Cash corn and soybean markets remain firm amid dwindling supplies with little farmer selling as they are busy out in the fields.
It will probably take a push to new highs at least in old crop to part with anymore of their 2020 bushels which in many cases were sold at levels quite a bit lower than values prevailing today.
In fact, in last month's WASDE report in explaining its unchanged projected U.S. average soybean price, the USDA noted that while current cash prices are significantly higher, prices received through January have averaged just over $10.00 per bushel, reflecting forward pricing at lower prices.

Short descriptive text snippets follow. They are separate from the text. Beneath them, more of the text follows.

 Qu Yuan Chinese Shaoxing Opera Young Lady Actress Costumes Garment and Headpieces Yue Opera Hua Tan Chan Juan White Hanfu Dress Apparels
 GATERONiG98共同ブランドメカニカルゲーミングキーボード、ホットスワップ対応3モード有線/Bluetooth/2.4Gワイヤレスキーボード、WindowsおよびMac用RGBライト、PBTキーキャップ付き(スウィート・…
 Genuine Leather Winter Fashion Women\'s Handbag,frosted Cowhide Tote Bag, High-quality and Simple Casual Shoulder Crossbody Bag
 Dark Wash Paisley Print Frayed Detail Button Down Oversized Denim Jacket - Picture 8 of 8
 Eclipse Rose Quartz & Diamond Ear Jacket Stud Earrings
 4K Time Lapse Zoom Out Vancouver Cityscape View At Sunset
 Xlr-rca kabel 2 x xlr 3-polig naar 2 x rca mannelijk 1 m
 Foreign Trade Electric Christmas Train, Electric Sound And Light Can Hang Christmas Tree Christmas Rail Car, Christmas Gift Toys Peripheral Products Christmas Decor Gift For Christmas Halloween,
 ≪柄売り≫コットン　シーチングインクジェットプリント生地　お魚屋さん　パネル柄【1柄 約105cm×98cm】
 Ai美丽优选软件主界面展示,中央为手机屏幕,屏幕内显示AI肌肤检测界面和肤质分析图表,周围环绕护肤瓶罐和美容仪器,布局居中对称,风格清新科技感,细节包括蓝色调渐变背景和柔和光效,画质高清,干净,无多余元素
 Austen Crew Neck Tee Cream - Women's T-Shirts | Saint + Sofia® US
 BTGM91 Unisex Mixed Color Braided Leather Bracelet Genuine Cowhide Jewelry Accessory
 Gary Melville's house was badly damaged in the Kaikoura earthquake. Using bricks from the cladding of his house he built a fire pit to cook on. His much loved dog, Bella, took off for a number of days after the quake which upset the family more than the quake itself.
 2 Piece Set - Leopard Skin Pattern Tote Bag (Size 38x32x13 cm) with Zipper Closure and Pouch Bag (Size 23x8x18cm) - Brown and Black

This can be seen in the accompanying graphic where not only is the total U.S. soybean stocks as of March 1 at 1.564 billion bushels (bb) the lowest for that date since 2016 but the farmer share at 594 million bushels (mb) is the lowest percent of total 3/1 on- and off-farm soybean stocks since at least 1990.
This chart shows March 1 on-farm stocks as a percent of total stocks on the left-hand axis and total stocks as percent of year ago figure for U.S. corn and soybeans on the right hand axis.
On-farm soybean stocks as of 3/1 are just 38.0% while for corn they are 52.4%, which other than the 49.4% seen in 2013 and 51.9% in 2011, is the third lowest share of total on- and off-farm corn stocks as of March 1 since at least 1990 as producers have already moved a lot of their 2020 corn harvest.
Also attesting to the incredibly tight soybean stocks is the fact that 3/1/21 bean supplies are 30.6% below the total 3/1/2020 inventory of 2.253 bb, the largest year-to-year percent drop also since 1990 exceeding the 27.4% decline in 2013 and the 24.6% drop in 2004.
3/1/2021 total U.S. corn stocks however are just 3.2% below the year ago total of 7.952 bb with the biggest March 1 to March 1 declines for corn seen back in March 1994 and March 1996 following the bad yielding corn years of 1993 and 1995.